Pour affronter le froid :

  • Couvrez vos extrémités. Les méridiens du rein et de la vessie démarrent aux pieds et n’aiment pas le froid. Les collants fins d’hiver comme les socquettes ne sont pas recommandés : portez des grosses chaussettes pour préserver votre rein. Vos semelles sont-elles suffisamment épaisses et les chaussures rembourrées ?
  • Maintenez votre ventre et vos lombaires au chaud : ceinture de flanelle, tissu autour de la taille, bouillotte chaude, pull long qui recouvre le haut des fesses. On oublie les crop-tops !
  • Couvrez-vous la tête dont s’échappe votre Yang car protéger ce Yang en hiver est primordial. Profitez-en pour cacher vos oreilles, les orifices du Rein.
  • Protégez le bas de votre crâne et votre nuque pour éviter le « vent-froid ».
  • Remontez votre écharpe sur le nez quand il fait froid : cela réchauffe l’air que vous inspirez et vous protège contre le froid.

Au quotidien :

  • Réalisez quelques petits exercices de respiration : respirez lentement par le nez, profondément, pendant quelques minutes par jour. Cela réchauffe les muqueuses, apaise le système nerveux et améliore la circulation nasale.
  • Augmentez votre temps de sommeil, prenez du repos, faites des siestes, couchez-vous plus tôt et levez-vous plus tard.
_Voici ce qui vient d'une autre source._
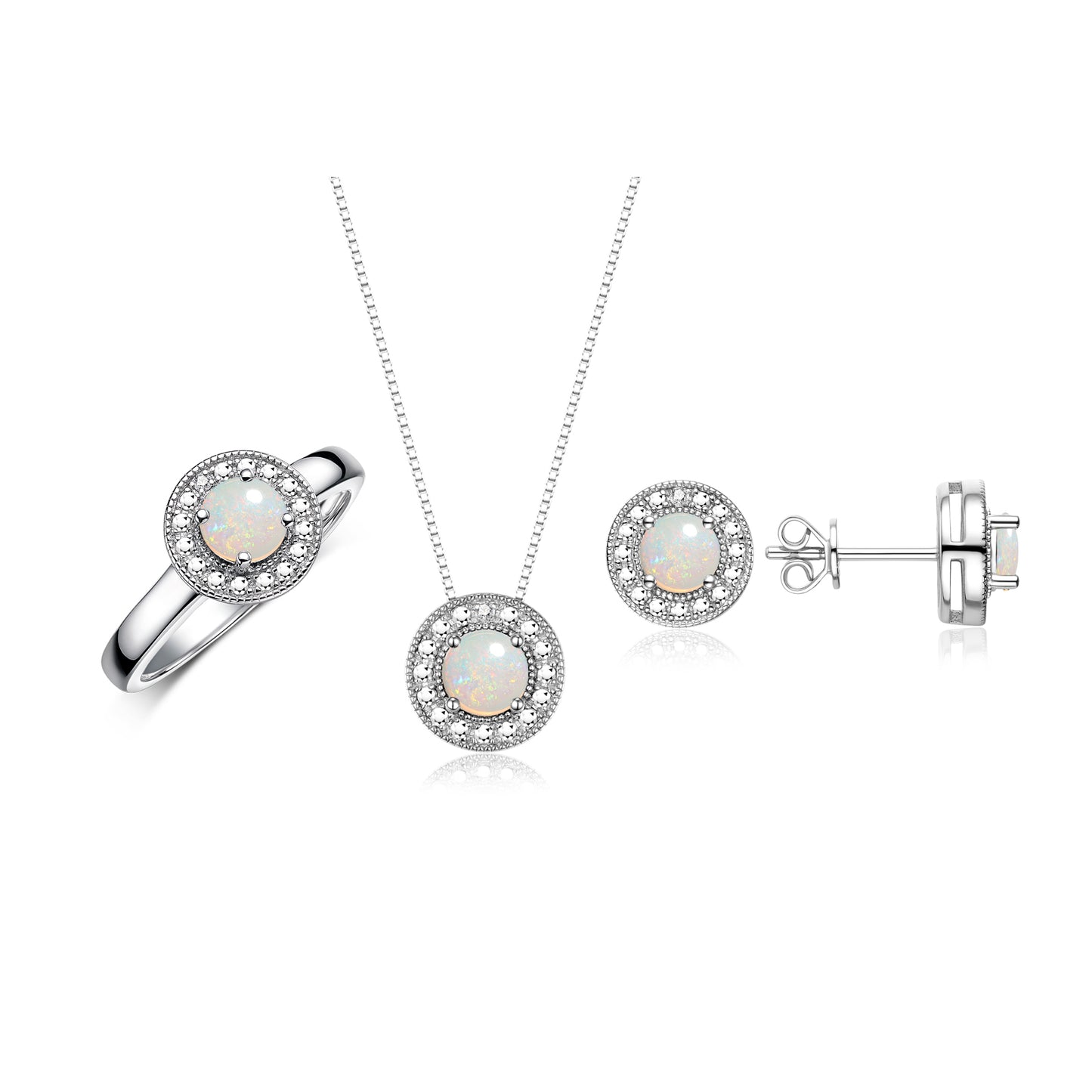 RYLOS Halo Designer Matching Set 14K White Gold : Ring, Earring & Pendant Necklace. Gemstone & Diamonds, 4MM Birthstone; Sizes 5-10.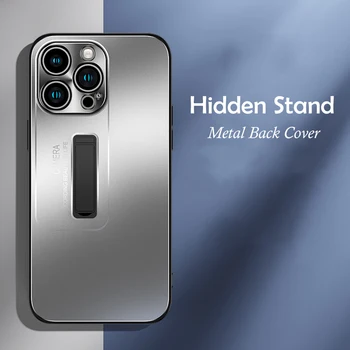Paslėptas Stovas Metalinis Telefono Dėklas Skirtas IPhone 13 14 15 Pro Max Plus Soft Kadro Objektyvas Gynėjas Atsparus Smūgiams Laikiklis Aliuminio Galinį Dangtelį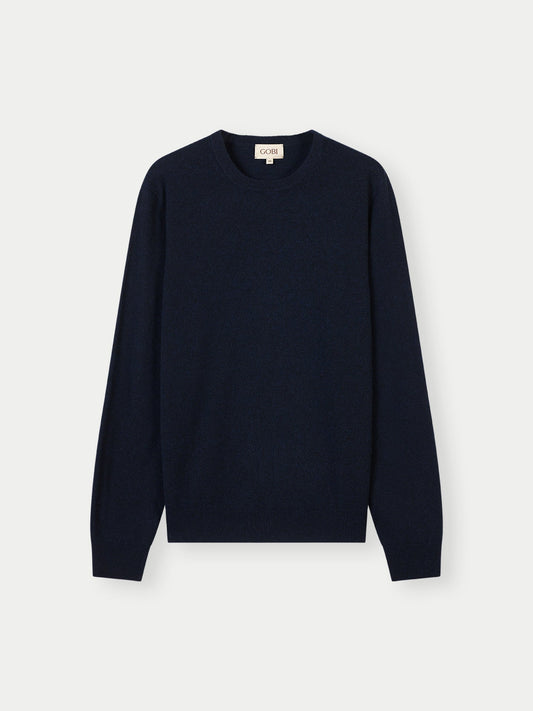 Men's Cashmere Essential Crew Neck Sweater Total Eclipse - Gobi Cashmere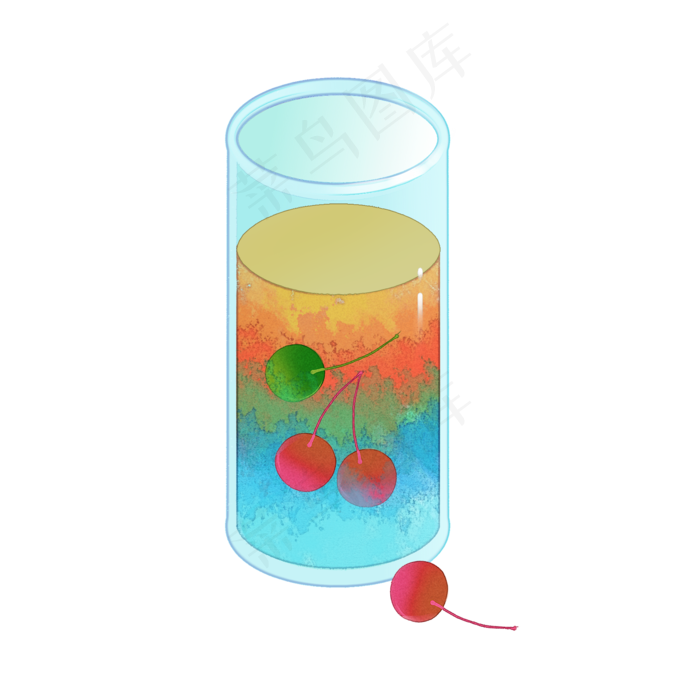 樱桃彩虹汽水夏季解渴消暑冷饮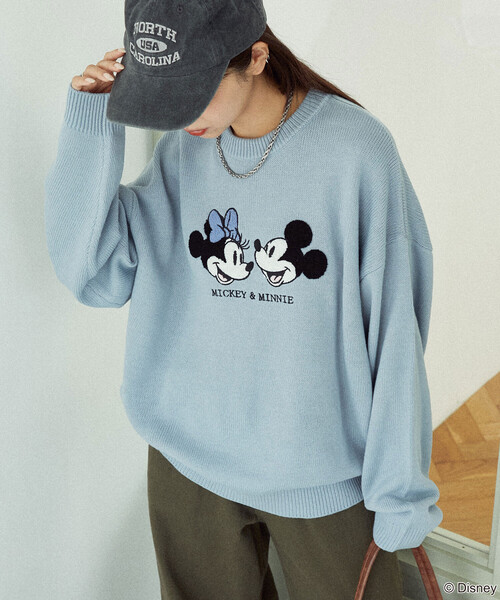 PUBLUX(パブリュクス)の「PUBLUX/パブリュクス Mickey Mouse&Minnie Mouse/ミッキーマウス&ミニーマウス 相良刺繍 オーバーサイズニット 限定展開(ニット/セーター・レディース・サックスブルー/オフホワイト/グレー・フリ-)」の20枚目の写真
Je pense à tous les travailleurs de nuit : les nuits de labeur sont un coût parfois trop élevé.
  • Pratiquez le mouvement doux pour éviter la stagnation. Afin de permettre une bonne circulation en ces temps de ralentissement des énergies, apportez de la circulation douce à votre corps : marche, tai-chi, yoga, qi gong, mouvements énergétiques chinois, etc.
  • Protégez-vous des sources d’information générant insécurité et anxiété.
  • Portez une attention particulière aux choix de vos films, séries et lectures.
  • Faites de la place à l’ennui, au calme, au silence aussi inconfortables soient-ils. Permettez à vos enfants de s’ennuyer.
  • Évitez les sons intempestifs. Si vous avez pour habitude de laisser la télévision ou la musique allumée, faites de la place au silence.

Pour votre intérieur :

  • Humidifiez l’air de votre intérieur. S’il est trop sec par les chauffages : utilisez un humidificateur, ou plus simplement mettez un bol d’eau près du radiateur.
  • Aérez votre espace afin de renouveler l’air intérieur souvent plus pollué que celui extérieur (accumulation de CO2, composés organiques volatils, particules fines, etc.). Cela permet dans certains cas d’éviter les condensations liées aux vapeurs d’eau qui sont le terrain idéal pour les moisissures.

L’hiver termine le cycle annuel, alors dans cette période de calme et de sagesse, osez l’introspection. L’eau de l’hiver nourrit la vie humblement, elle vous nourrira également. Restaurez vos forces pour le printemps à venir.

Article rédigé par Angélique Pourtaud,
praticienne de médecine chinoise, masseuse
et professeure de yoga aux Sables d’Olonne.